This came out in 2004 – or at least that’s when I got it. Here’s what I said about it back then (with some minor editing):
The Blue Kentucky Girl meets the White Stripe.
For her first major-label album in 15 years, country legend Loretta Lynn has pairs up with none other than singer-guitarist Jack White. And as Rick Rubin did for Johnny Cash a decade ago, the young rocker has helped a beloved country icon reconnect with her muse and produce a career-revitalizing work of beauty and maturity.
These 13 cuts — all written or co-written by Lynn, a first in her four-decade history — find the tough-talkin’ country queen and the stylishly cool garage-rocker merging their respective strengths and styles with surprising ease.

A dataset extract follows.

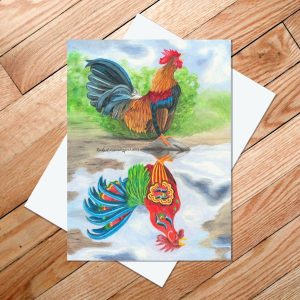 Greeting card of a rooster crowing while his reflection shows a crowing red Dala Rooster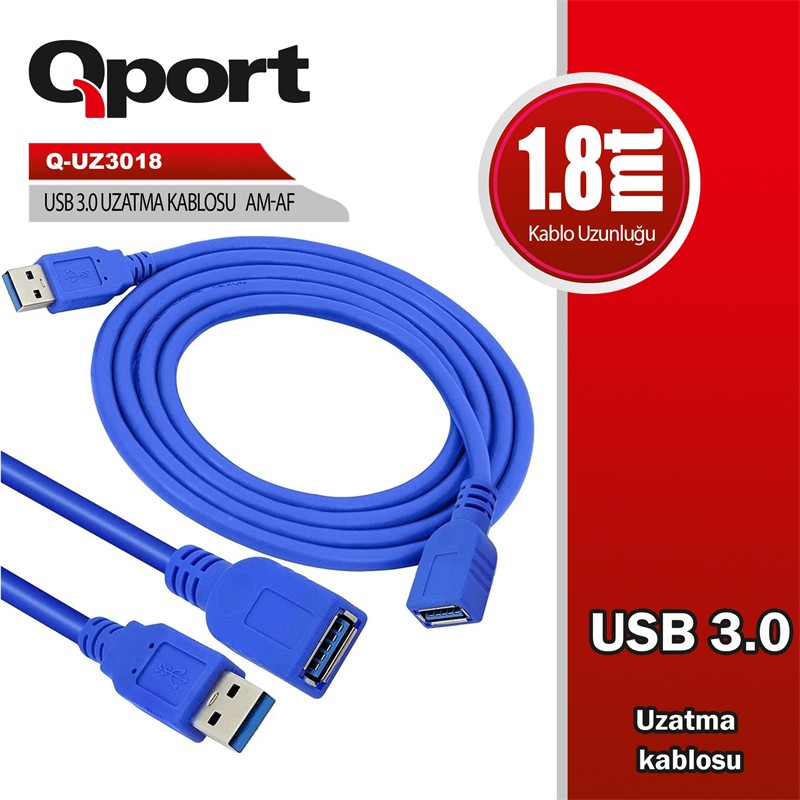 QPORT Q-UZ3018 USB 3.0 1,8MT UZATMA KABLOSU - Qport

Loretta delivers the simple melodies and plainspoken lyrics of songs like Van Lear Rose, Trouble On The Line, This Old House, Story Of My Life and the poignant Miss Being Mrs., an ode to her late husband Doo. Jack helps bring out the best in her by teaming her with a loose band of twentysomethings, recording most of the tracks on the first or second take and skipping all the Nashville gloss and overdubs.
Most of these immediate, earthy cuts hew closer to rustic, ragged alt-country than the blistering blues-garage of White’s day job, but that doesn’t mean he and Loretta don’t kick up their heels now and then. Have Mercy is a pumping, bluesy firecracker reminiscent of Wanda Jackson; Women’s Prison, Mrs. Leroy Brown and Family Tree are classic Loretta tales of bad-girl revenge. And Jack and Loretta’s drunken duet Portland Oregon is worth the purchase price all by itself, if only for lines like “Portland Oregon and sloe gin fizz / If that ain’t love, then tell me what is.” Sounds like a match made in heaven to me.